== Saved entries ==
* * * * * * * * *

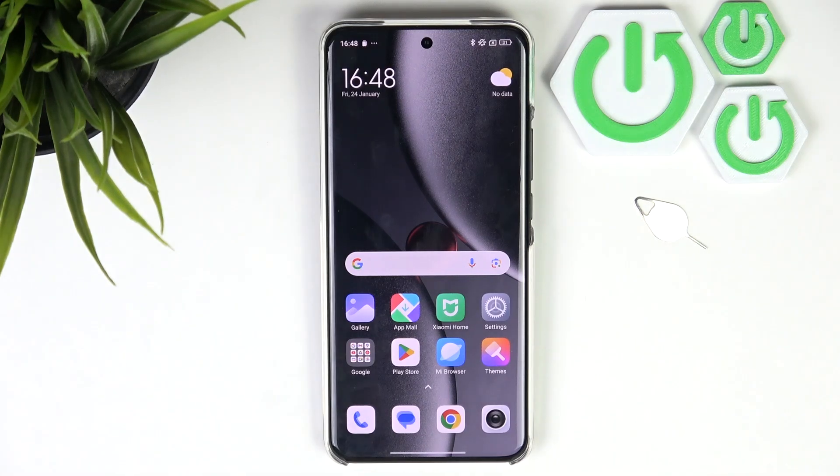Hello, in front of me I've got Xiaomi 15 Ultra. In this video I'll show you how to record screen display.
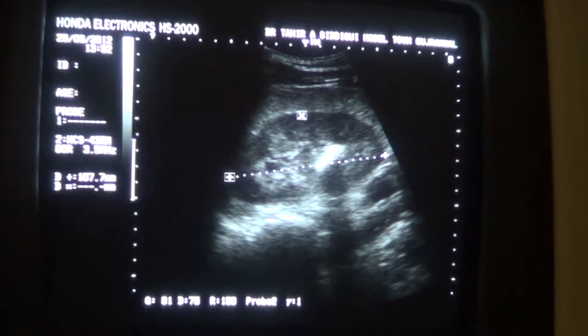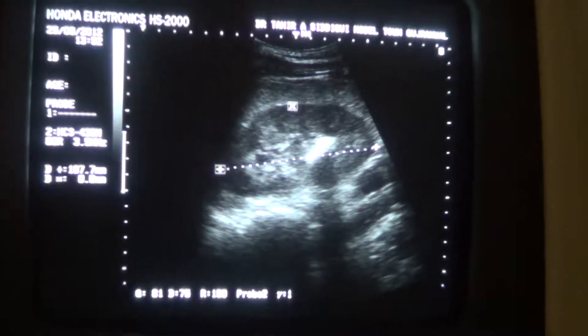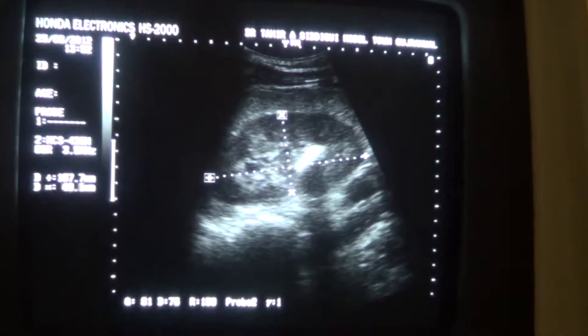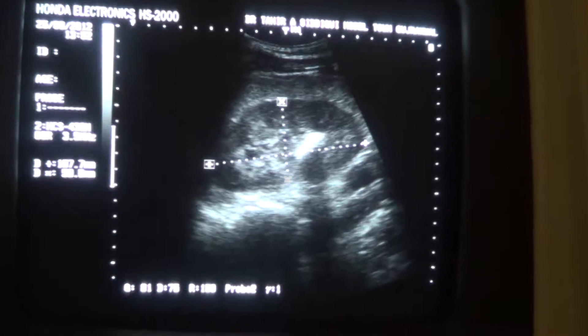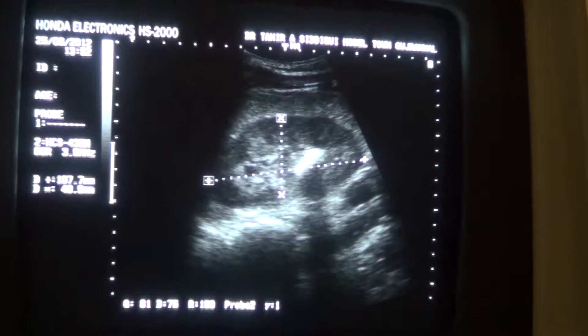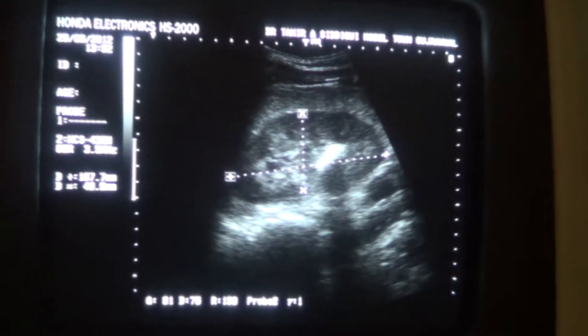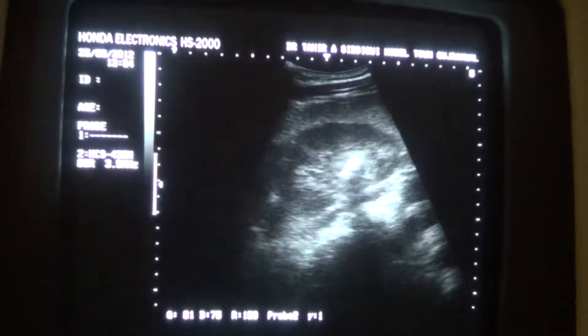The kidney is normal in size, measuring 10.7 cm in length and 4.9 cm in anterior-posterior diameter.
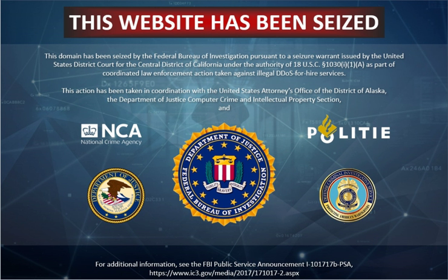In the case of a simple attack, a firewall could have a simple rule added to deny all incoming traffic from the attackers, based on protocols, ports or the originating IP addresses. More complex attacks will however be hard to block with simple rules — for example, if there is an ongoing attack on port 80 web service, it is not possible to drop all incoming traffic on this port because doing so will prevent the server from serving legitimate traffic. Additionally, firewalls may be too deep in the network hierarchy, with routers being adversely affected before the traffic gets to the firewall. Also, many security tools still do not support IPv6 or may not be configured properly, so the firewalls often might get bypassed during the attacks.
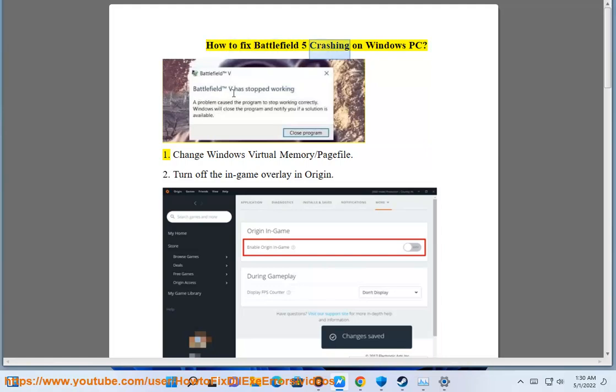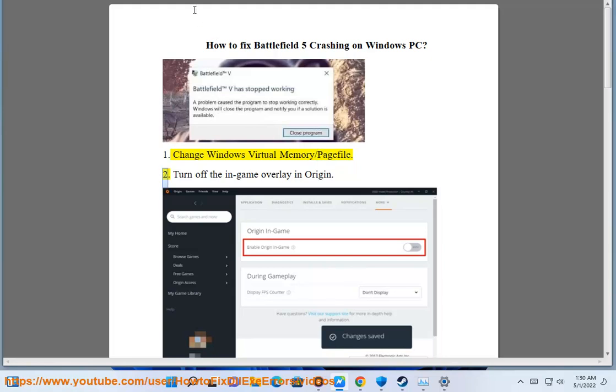How to Fix Battlefield 5 Crashing on Windows PC. Solution 1: Change Windows Virtual Memory Slash Page File.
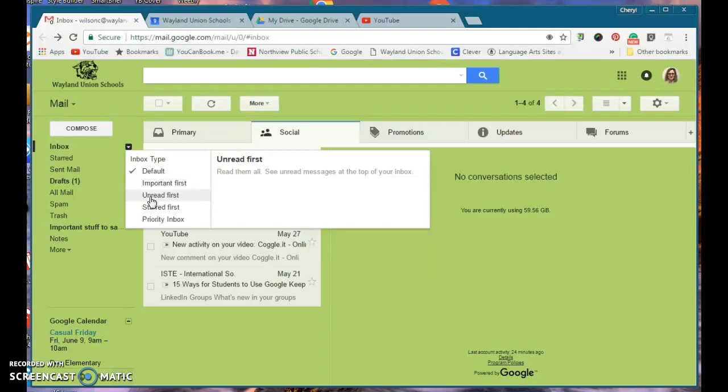So this might save you some time. If you want to see your Inbox rearranged a little bit differently, have a great day.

* * * * * * * * *

== EXERCISE ==
Reproduce the data above exactly, leaving each picture out.

== RESPONSE TO THIS TASK ==
Hello, in front of me I've got Xiaomi 15 Ultra. In this video I'll show you how to record screen display.
The kidney is normal in size, measuring 10.7 cm in length and 4.9 cm in anterior-posterior diameter.
In the case of a simple attack, a firewall could have a simple rule added to deny all incoming traffic from the attackers, based on protocols, ports or the originating IP addresses. More complex attacks will however be hard to block with simple rules — for example, if there is an ongoing attack on port 80 web service, it is not possible to drop all incoming traffic on this port because doing so will prevent the server from serving legitimate traffic. Additionally, firewalls may be too deep in the network hierarchy, with routers being adversely affected before the traffic gets to the firewall. Also, many security tools still do not support IPv6 or may not be configured properly, so the firewalls often might get bypassed during the attacks.
How to Fix Battlefield 5 Crashing on Windows PC. Solution 1: Change Windows Virtual Memory Slash Page File.
So this might save you some time. If you want to see your Inbox rearranged a little bit differently, have a great day.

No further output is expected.